Show that: $$\sum_{k=2}^{n}\dfrac{\ln{k}}{k^2}\approx \ln{n}\cdot\left(\zeta_{n}{(2)}-\dfrac{\pi^2}{6}\right)+C,n\to\infty$$ where $$\zeta_{n}{(k)}=\sum_{j=1}^{n}\dfrac{1}{j^k}$$and $C$ is real constant.

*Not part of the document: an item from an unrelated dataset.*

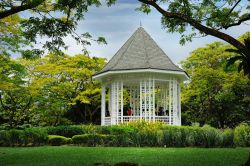 Botanic Gardens Bandstand a Singapore: in questo gazebo sin dal 1930 i musicisti si esibivano in concerti e eventi musicali - © 86605363 / Shutterstock.com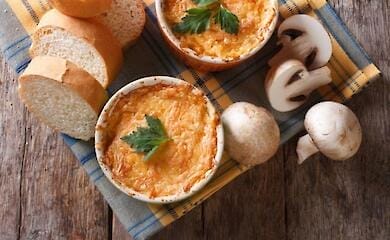 Жульен с ветчиной и сыром: простой рецепт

I know this $$\zeta{(x)}=\sum_{n=1}^{\infty}\dfrac{1}{n^x}$$ $$\Longrightarrow \zeta'{(x)}=-\sum_{n=1}^{\infty}\dfrac{\ln{n}}{n^x}$$ let $x=2$,then we have $$\sum_{n=1}^{\infty}\dfrac{\ln{n}}{n^2}=\sum_{n=2}^{\infty}\dfrac{\ln{n}}{n^2}=-\zeta'{(2)}$$ But for this approximation,I can't prove it.
Thank you very much
Rewriting the sums a bit, you're asking how to show that
$$ \sum_{k=2}^{\infty} \frac{\ln k}{k^2} - \sum_{k=n+1}^{\infty} \frac{\ln k}{k^2} \approx -\ln n \sum_{k=n+1}^{\infty} \frac{1}{k^2} + C. $$
Looking at this one might guess that we'll probably have $C = \sum_{k=2}^{\infty} \frac{\ln k}{k^2}$, so we would just need to prove that
$$ \sum_{k=n+1}^{\infty} \frac{\ln k}{k^2} \approx \ln n \sum_{k=n+1}^{\infty} \frac{1}{k^2}. \tag{1} $$
The argument you would use depends on what exactly you mean by $\approx$. For example, to leading order
$$ \sum_{k=n+1}^{\infty} \frac{\ln k}{k^2} \approx \int_n^\infty \frac{\ln x}{x^2}\,dx = \frac{\ln n + 1}{n} \approx \frac{\ln n}{n} $$
and
$$ \sum_{k=n+1}^{\infty} \frac{1}{k^2} \approx \int_n^\infty \frac{dx}{x^2} = \frac{1}{n}, $$
so we have a proof of $(1)$ in this sense.